My Brooklyn Is Better Than Yours
Manhattan? Fuhgeddaboudit. These days, the most interesting part of New York is across the East River.
Then go to Cobble Hill and listen to the ragtime-jazz band while you dine on an omelet or steak and eggs at Bar Tabac. At Union Picnic in Williamsburg, the Elvis (French toast with peanut butter and bananas) and the fried chicken with waffles are irresistible. You might consider taking a walk around McCarren Park when you're done--these dishes are a reminder of why the King had heavier years.
Besides being home to beautiful brownstones, Fort Greene is one of my favorite places to indulge in my burgeoning rice obsession. A tiny restaurant tucked on Dekalb Avenue, Rice works a single main-ingredient theme. The carrot rice ball is a fantastic way to start a meal.
Further north, the sister restaurants Diner and Marlow & Sons sit on a fairly quiet corner in south Williamsburg. Diner, which is inside an old 1920s Kullman Diner car, focuses on executing standards like burgers and mussels exceptionally well, while Marlow is popular for its raw bar. Neither is particularly easy on vegetarians, so be sure to call ahead to ask about the vegetarian dish of the night. Let's just say that the vegetable galette isn't always a success.
At Press 195, further south in Park Slope, the name says it all. Specializing in pressed panini sandwiches, Press offers dozens of options and one heck of a dessert sandwich (Nutella, bananas, and vanilla ice cream).
Just up the avenue in Prospect Heights is Franny's, which some consider the best pizza--being Southern I can't bring myself to say "pie"--in the city. Expect an ambitious list of appetizers using seasonal ingredients, and a main-course menu of pizzas. Bring an open mind: The $8 pizza topped with just olive oil and sea salt isn't pizza as you know it.

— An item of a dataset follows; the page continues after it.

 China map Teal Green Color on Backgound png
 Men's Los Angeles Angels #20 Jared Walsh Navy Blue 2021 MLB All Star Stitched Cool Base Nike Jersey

Brooklyn is fast becoming a hotspot for those who are believers in market-fresh cooking. One of the restaurants leading the way is Park Slope's Applewood. The wait is often laughable, but the food is seriously delicious. And the lavender martini is a must.
The last three spots on my list are favorites for different reasons. Aurora in Williamsburg dishes up authentic Italian food (and my favorite dessert--affogato, espresso poured over gelato). Little D Eatery combines local ingredients to make interesting meze-style plates. And I love Patois for its modern French cuisine. Each represents the way that Brooklyn's top chefs are taking traditional food and putting a contemporary spin on it.
In the world of design, Brooklyn is a major capital. Over the last few years, the industry has looked to the borough for the latest trends and styles.
And when the design world talks about Brooklyn, more often than not it's referring to Williamsburg. Once an industrial area known primarily for factories and warehouses, Williamsburg has transformed into a haven for artists, particularly those interested in furniture and product design.
If a single shop could be pinpointed as the center of the change, it would be The Future Perfect. Dave Alhadeff has created a shop that's known the world over as one of the best places to discover up-and-coming designers. The merchandise is very clever and includes edgy accessories like oil lamps made from recycled (but nonworking) grenades. Once, while traveling in Chicago, I heard shop owners and design students saying "Oh, that's so Future Perfect." You know you've made it when you're an adjective.